Em que creem os que não creem - Umberto Eco; Carlo Maria Martini

“Quando qualquer autoridade religiosa de qualquer confissão se pronuncia sobre problemas concernentes a princípios da ética natural, os leigos devem reconhecer-lhe este direito: podem concordar, ou não concordar com sua posição, mas não têm nenhuma razão para contestar-lhe o direito de expressá-la, mesmo como crítica ao modo de viver do não-crente.  Os leigos têm razão para reagir apenas em um caso: quando uma confissão tende a impor aos não-crentes (ou aos crentes de outra fé) comportamentos que a lei do Estado ou de suas religiões proíbem, ou a proibir-lhes outros que a lei do Estado ou de suas religiões, ao contrário, permitem.”

“Jesus disse que era preciso pagar o tributo a César, pois o ordenamento jurídico do Mediterrâneo apontava nesse sentido, mas isso não significa que um cidadão europeu tenha, hoje, o dever de pagar taxas ao último descendente dos Habsburgo.”

“E não se preocupe se alguns dizem que falamos difícil: eles poderiam ter sido encorajados a pensar fácil demais pela 'revelação' da mídia, previsível por definição. Que aprendam a pensar difícil, pois nem o mistério, nem a evidência, são fáceis.”

“Devemos, antes de tudo, respeitar o direito da corporalidade do outro, entre os quais o direito de falar e de pensar. Se nossos semelhantes tivessem respeitado esses 'direitos do corpo' não teríamos tido o massacre dos Inocentes, os cristãos no circo, a noite de São Bartolomeu, a fogueira para os hereges, os campos de extermínio, a censura, as crianças nas minas, os estupros na Bósnia.”

“A dimensão ética começa quando entra em cena o outro.”

“Ético é o homem que, de boa-fé, não ama; não-ético é o homem que ama porque, apesar de sua convicção de não amar, quer evitar a desaprovação social.”
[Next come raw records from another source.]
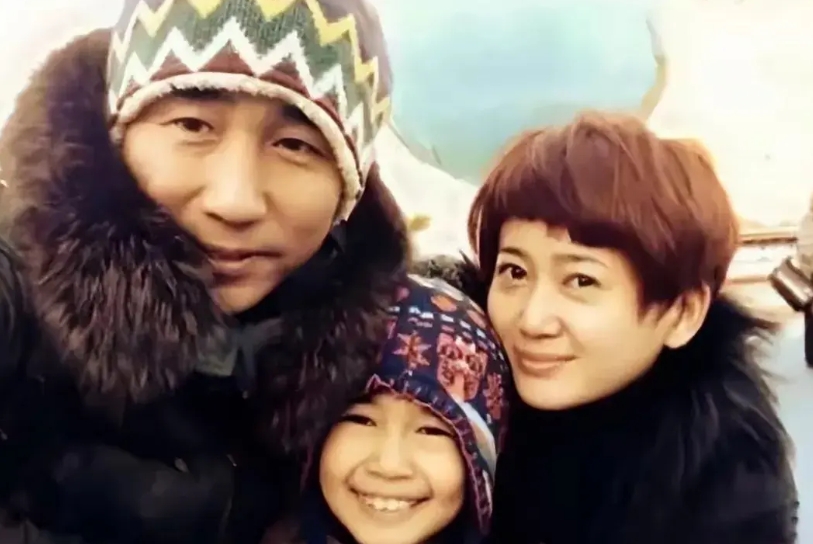 沙宝亮的前妻是扮演苏麻拉姑的朱娜，漂亮的大美女一个。
后来两个人也离婚了，前几年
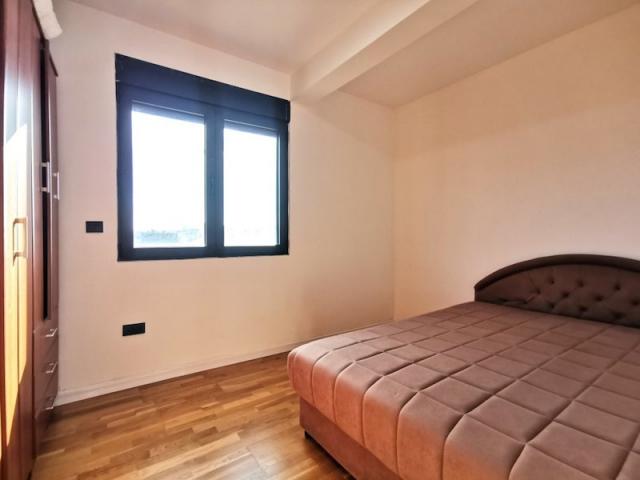 Dvosoban namješten stan, 120m2, Dalmatinska ulica, Podgorica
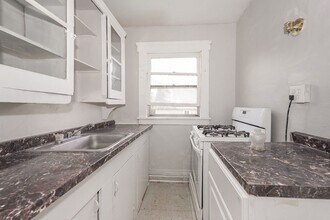 Building Photo - 3555 W 67th St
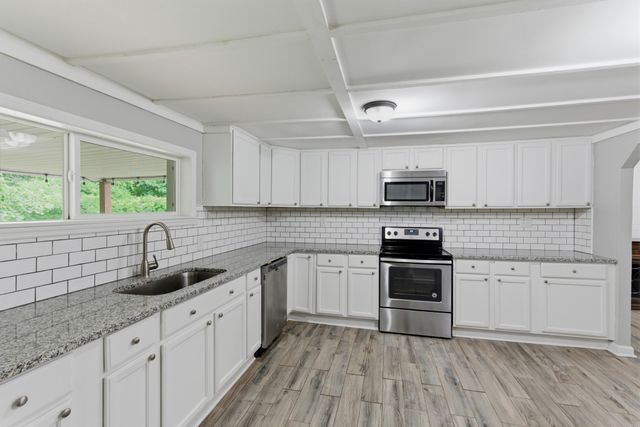 8836 W Sheepneck Rd, Mount Pleasant, TN 38474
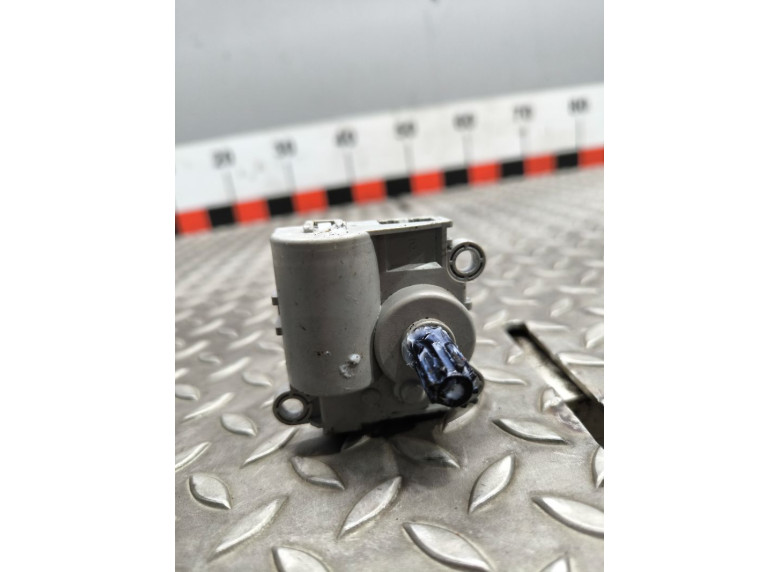 Моторчик заслонки печки к Моторчик заслонки печки к Kia Sportage undefined г. Sportage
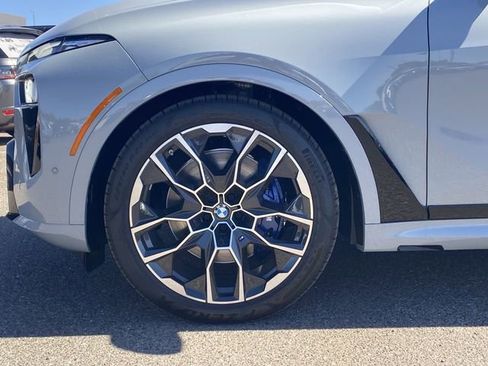 New 2025 BMW X7 M60i image 10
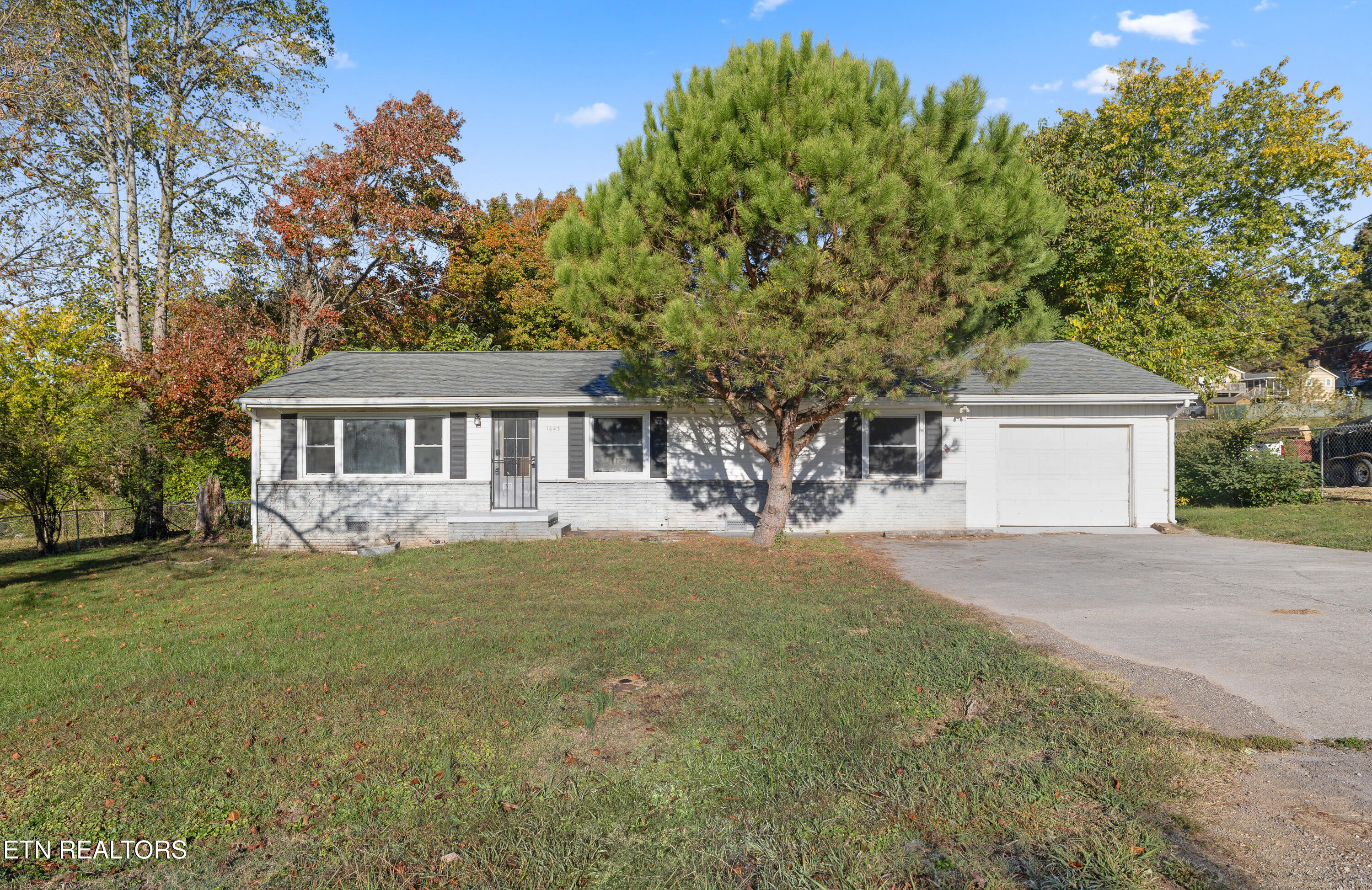 1623 Reaves Rd — photo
"A história da Igreja, junto com os infinitos atos de fé e bondade, é tecida intimamente pela violência dos clérigos e das instituições por eles dirigidas. Sempre se poderia dizer que todas as instituições humanas e os homens que as administram – mesmo os ministros de Deus – são suscetíveis de falhas e seria verdade. Mas o que se pretende discutir aqui é outra e mais importante questão: não existe ligação com o Absoluto que tenha podido impedir a relativização da moral; queimar uma bruxa ou um herege não foi considerado pecado e menos ainda crime durante quase a metade da história milenar do catolicismo; ao contrário, essas crueldades que violavam a essência de uma religião que havia sido fundada no amor, eram realizadas em nome e sob a tutela desta mesma religião e da moral que deveria fazer parte dela intrinsecamente. Repito: não estou desenterrando erros e até crimes que hoje – mas só hoje – a Igreja já admitiu e repudiou; estou simplesmente afirmando que a moral cristã, eminentíssimo cardeal, ligada ao Absoluto que emana do Deus transcendente, efetivamente não impediu uma interpretação relativizante da própria moral. Jesus impediu que a adúltera fosse lapidada e sobre isso edificou uma moral baseada no amor, mas a Igreja fundada por ele, mesmo sem negar esta moral, interpretou-a de uma maneira que levou a verdadeiros massacres e uma cadeia de delitos contra o amor. E isto não apenas em casos esporádicos ou por algum erro trágico de pessoas isoladas, mas com base em uma concepção que guiou o comportamento da Igreja durante um pouco menos de um milênio. Concluo sobre este ponto: não existe ligação com o Absoluto, não importa o que se queira entender por esta palavra, que evite a mutação da moral segundo os tempos, os lugares e os contextos históricos nos quais uma vivência humana se desenvolve."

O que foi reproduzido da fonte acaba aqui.